In 2002 Mark went back to rallying and worked for the MSA, the UK governing body for motorsport and was the commercial manager for their subsidiary, IMS. IMS events included Wales Rally GB, the British Rally Championship, the London to Brighton Veteran Car Run and a number of other classic car tours.

Arguably Hughes' biggest break came in 2004 when he relocated to Bahrain to run the new Formula One circuit there. He was appointed as the operations director, reporting to Martin Whitaker, CEO and formerly the head of Ford Motorsport. A Tilke-designed track in the small GCC Kingdom of Bahrain, this was without doubt one of the most spectacular new tracks on the F1 calendar. Constructed in 16 months the track hosted their first Grand Prix in 2004 and won the prestigious FIA Formula One World Championship Race Promoters Trophy. In addition to F1 the track also hosted FIA GTs, the Formula BMW World Final, Australian V8 Supercars and major drag race events. The circuit also developed numerous corporate and retail products such as the Caterham driving experiences, the BMW school and the only Hummer Off Road Academy outside of the US.

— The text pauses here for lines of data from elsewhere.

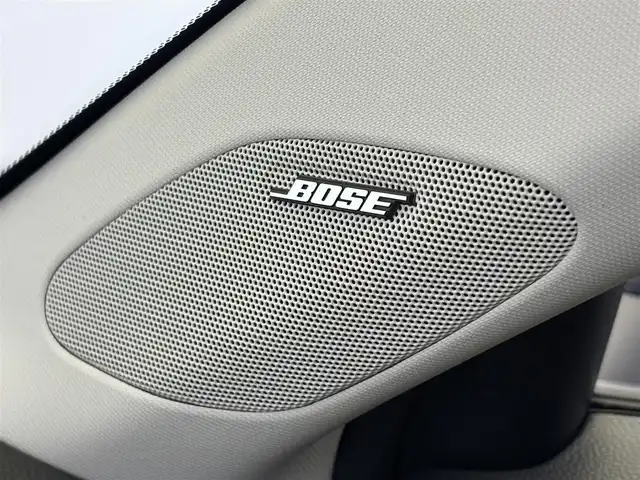 ホンダ ＺＲ－Ｖ ハイブリッド e:HEV Z 福岡県 2023(令5)年 4万km クリスタルブラックパール 純正９型ナビ　/全方位カメラ　/ワイヤレス充電　/ＢＯＳＥサウンド　/ビルトインＥＴＣ２．０　/アダプティブクルコン　/コーナーセンサー　/衝突軽減ブレーキ　/レーンキープ　/パドルシフト　/ステアリングヒーター/シートヒーター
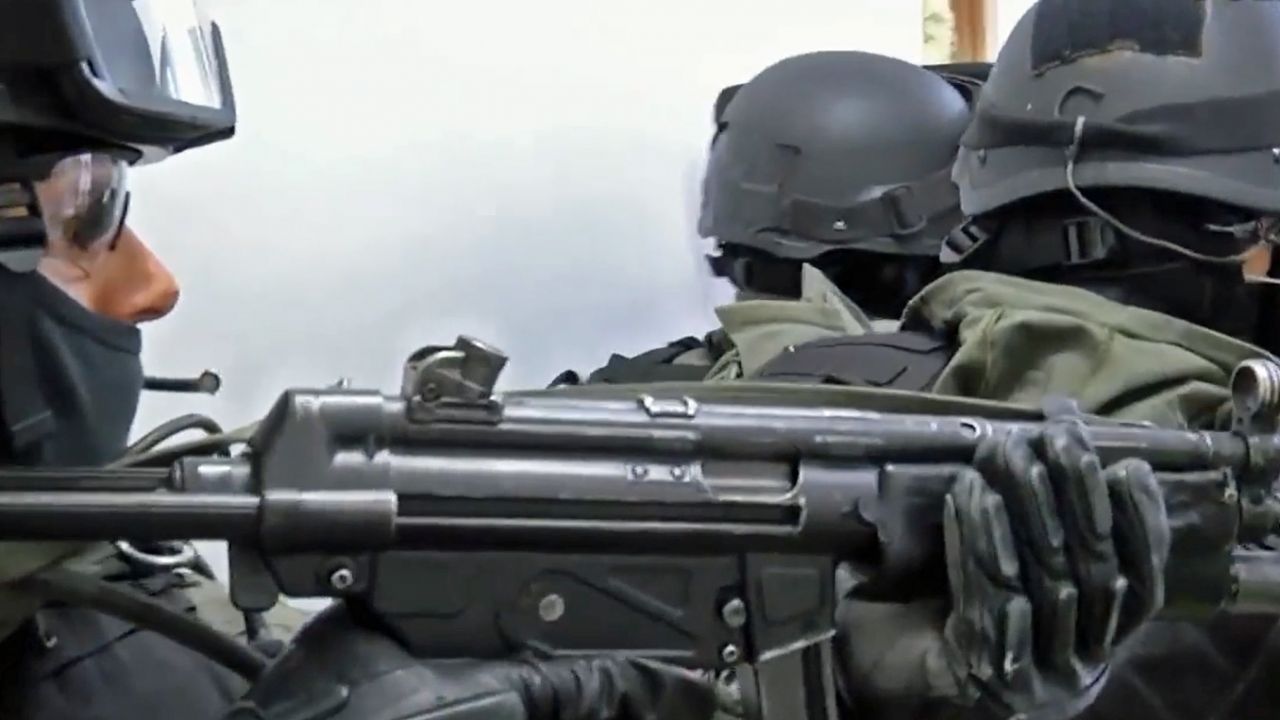 Policjanci przyznają się do pomyłki i zapewniają, że pokryją koszty remontu (fot. You Tube/Polska Policjal) Policjanci przyznają się do pomyłki i zapewniają, że pokryją koszty remontu (fot. You Tube/Polska Policjal)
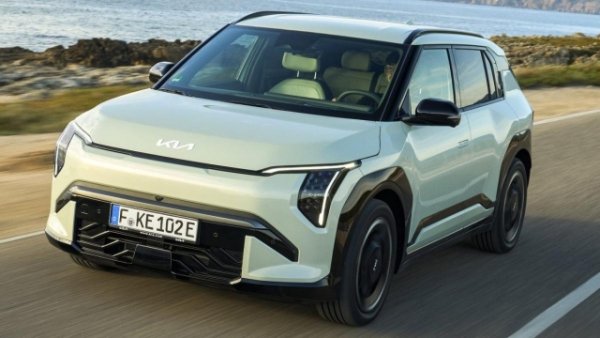 Бурно начало за модела на корейската марка, който е на пазара от януари 2025 година и вече се превърна в третия най-продаван електрически автомобил на континента през първите два месеца с 11 271  бройки. Рецептата е дълга 430 см спортна кола с квадратни форми и изпипани детайли, голяма оптимизация на вътрешното пространство. Тя носи комфорт за водача и пътника, но също и за пътниците на втория ред. 

Технологичният имидж също е на високо ниво, с три цифрови екрана на борда, както и развлечения, които включват игри и достъп до онлайн видео съдържание. 

Kia EV3 разполага с един двигател с предно задвижване с мощност 204 к.с. Но! Вариантът Standard Range предлага капацитет на батерията от 58 kWh, който се увеличава до 81 kWh при Long Range. Максималната декларирана автономност достига 605 км. 
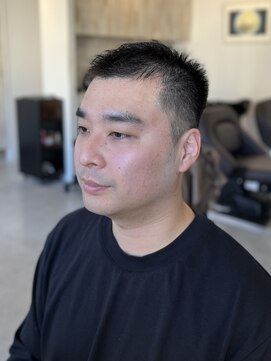 ソイクフ(SOY KUFU) スパイキーショートメンズ短髪ベリーショート黒髪刈り上げスーツ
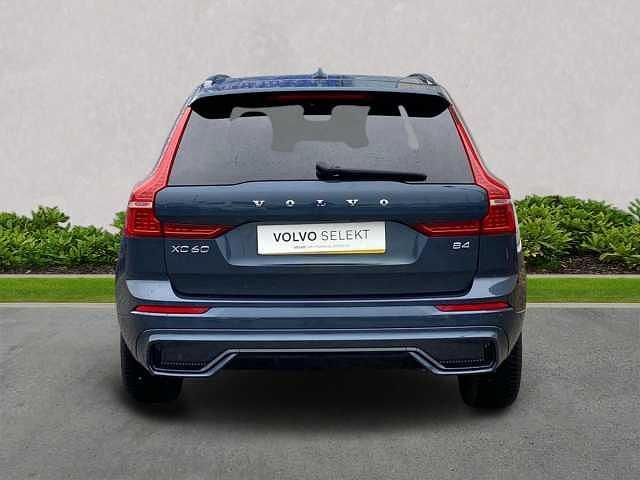 Usado Volvo XC60 Plus 197 HP (144 kW) 2023 Azul SUV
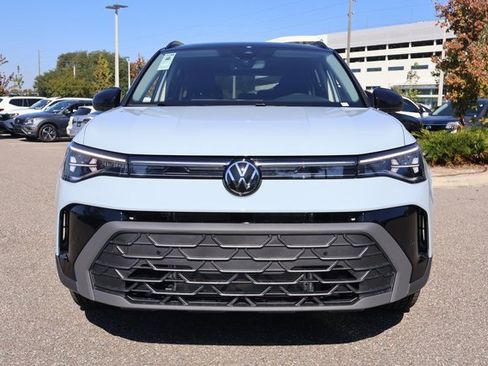 New 2026 Volkswagen Taos SE image 2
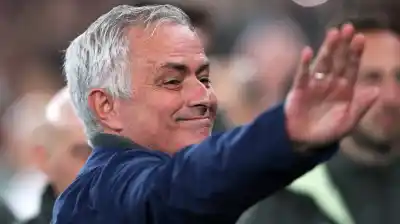 Real Madrid sorprende: Mourinho vuelve al banco y ya tiene dos refuerzos en la mira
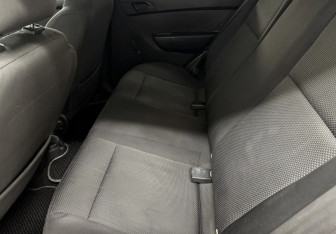 Подержанный автомобиль Chevrolet Aveo Sedan 2006 года (12 фото)
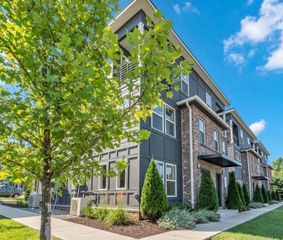 102 Duke St Apt 17, Nashville, TN 37207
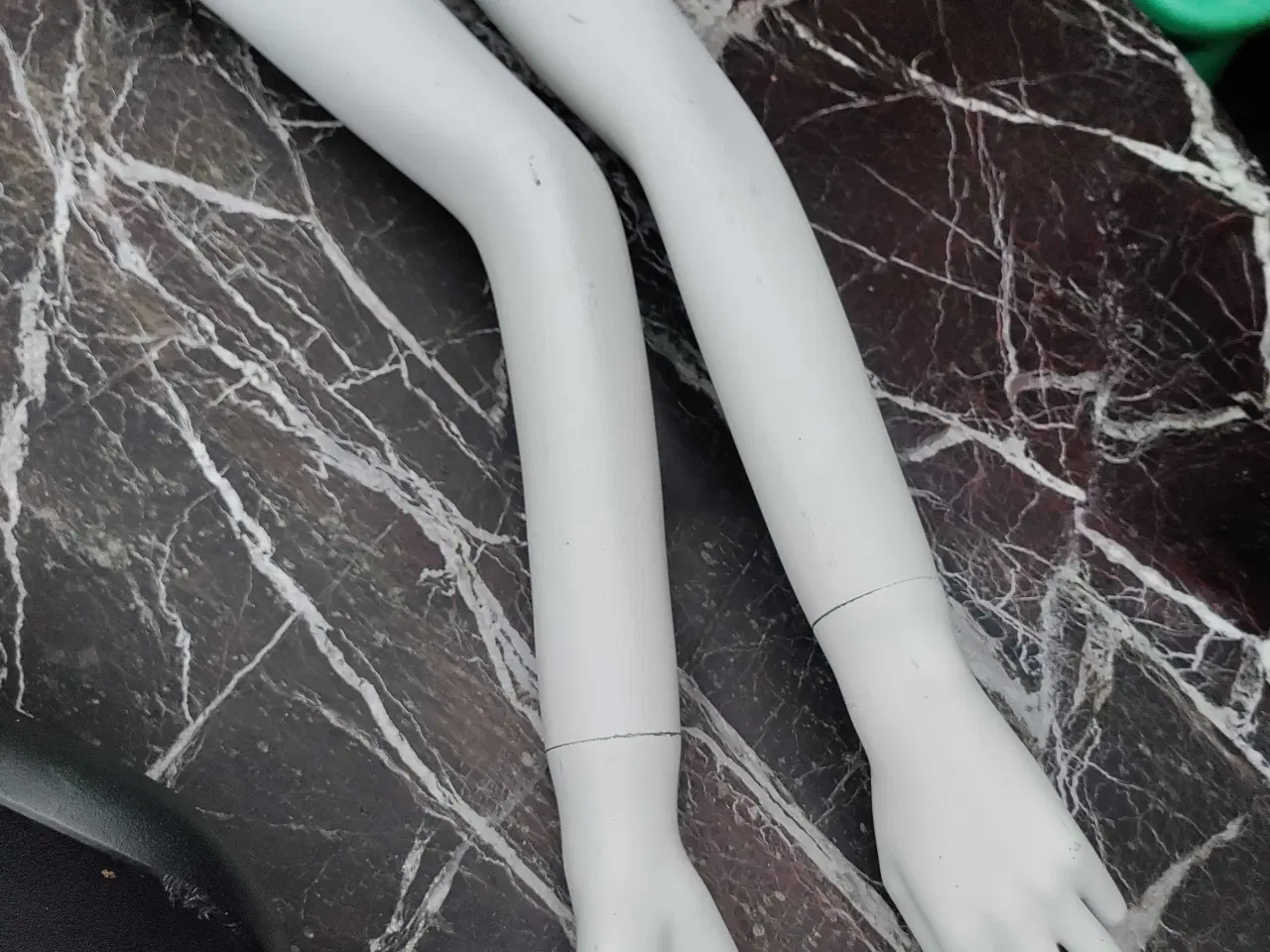 Billede 4 - Arme til mannequin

Whilst in Bahrain, Hughes was appointed to the Board of Directors of Motorsport Development UK, a UK government body established to support the UK motorsport industry. His appointment was made by the Secretary of State and was for three years.

Hughes left Bahrain in 2009 and was asked to help set up the new Middle East facility in Abu Dhabi, Yas Marina Circuit. He was a specialist consultant on the project and contributed significantly in getting the venue ready for the first race in November 2009. The Yas Marina Circuit set new standards for a motorsport venue and was the first circuit to host a day/night race. Yas Marina Circuit also won the prestigious FIA Formula One World Championship Race Promoters Trophy.

The Abu Dhabi consultancy was a stop gap for Hughes who already had plans to go to India to work for the Jaypee Group who were just starting construction of their new F1 facility 50 km outside of Delhi. The Buddh International Circuit would be the first F1 track in India and their inaugural race would be in October 2011. Mark was appointed as vice president – operations to head up JPSI, the sporting division of Jaypee. JPSI not only planned the F1 circuit but an entire sports city including an international cricket stadium, sports complex, residential and commercial developments. His input into the infrastructure and planning for the Grand Prix led to JPSI hosting a successful inaugural Grand Prix. One that also won the FIA Formula One World Championship Race Promoters Trophy.

In late 2010, Hughes was persuaded to go back to Yas Marina Circuit as operations director, heading up the largest team at the track. His responsibilities at YMC include all event planning and delivery, sporting, safety, venue management, security, maintenance, retail and corporate products (drag, karting, race school, community) and food and beverage.